● **Information supplied**
--------------------------------
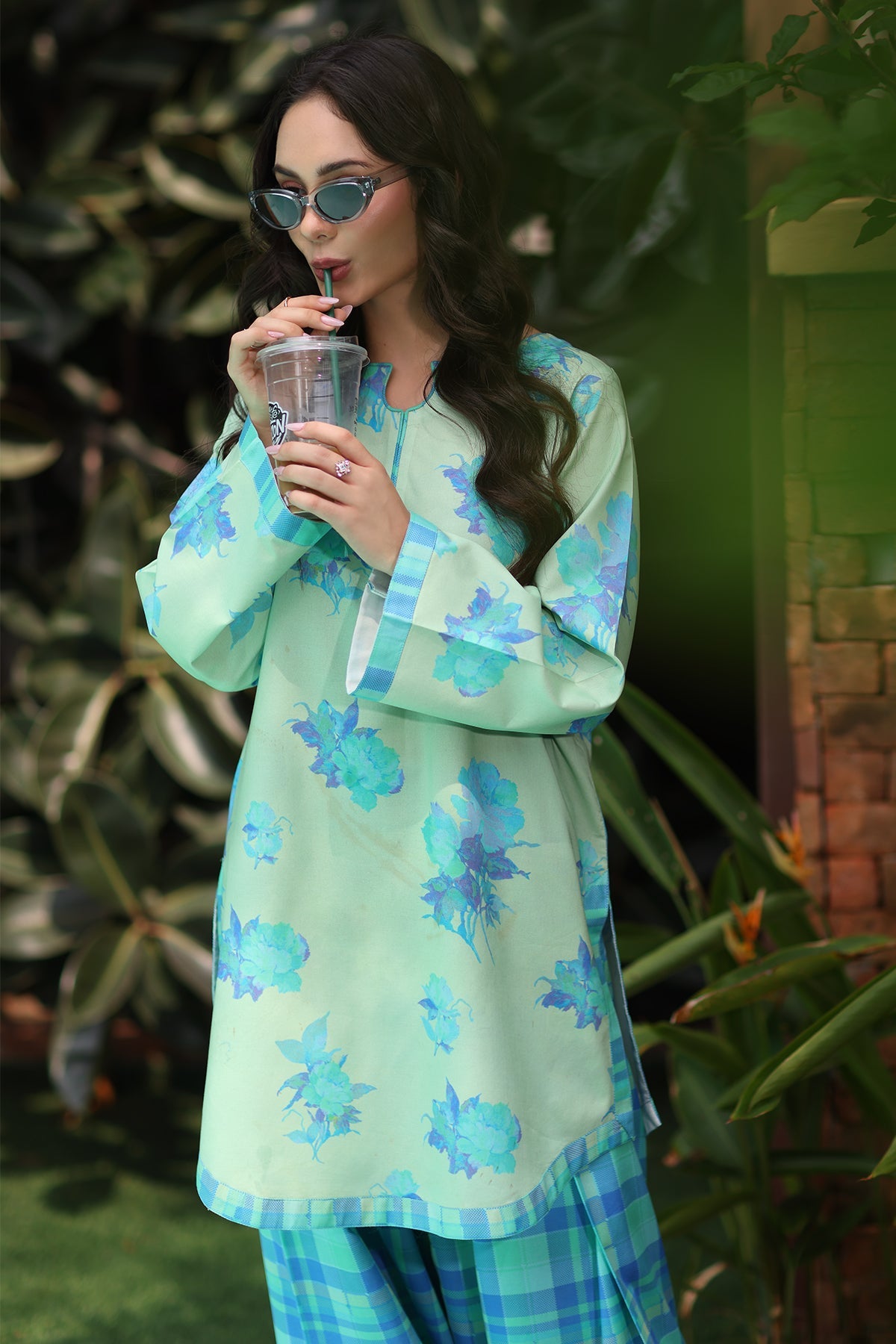 2-PC Cotton Printed Suit CNP-5-109Z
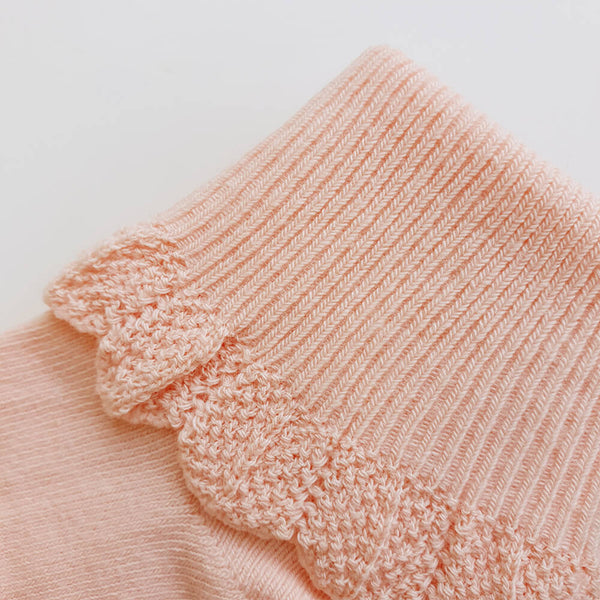 Poppie Cotton Socks - Baby Pink - Gertrude and the King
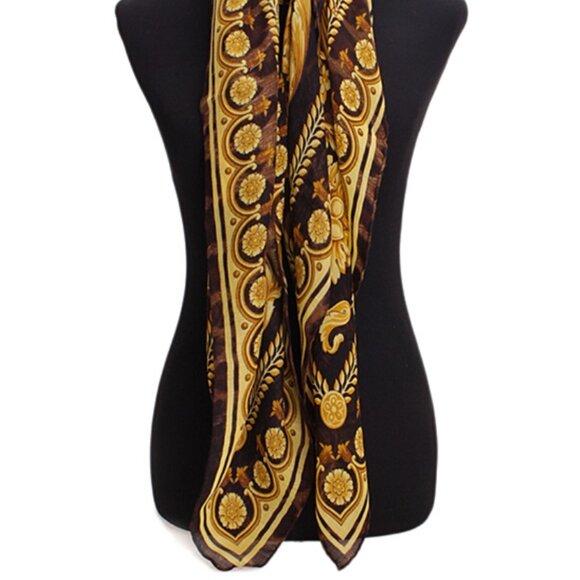 VERSACE Wild Barocco Silk Twill Scarf - Picture 5 of 5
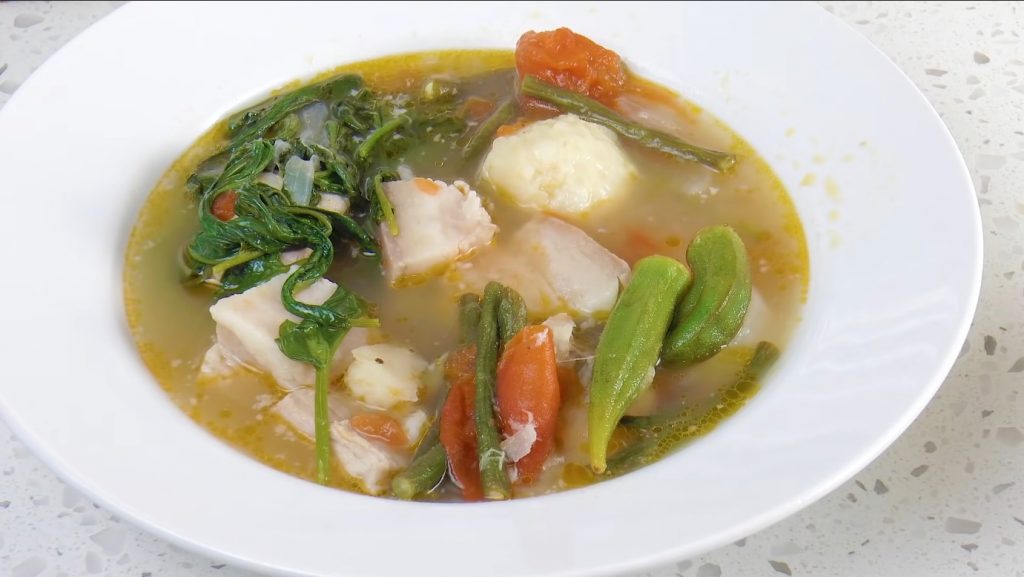 filipino food sinigang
--------------------------------
● **Problem to work on**
In the data above, find the line containing "VERSACE Wild Barocco"; from there, please write out each line through the end, exactly, with the pictures omitted.

● **Answer area**
 VERSACE Wild Barocco Silk Twill Scarf - Picture 5 of 5
 filipino food sinigang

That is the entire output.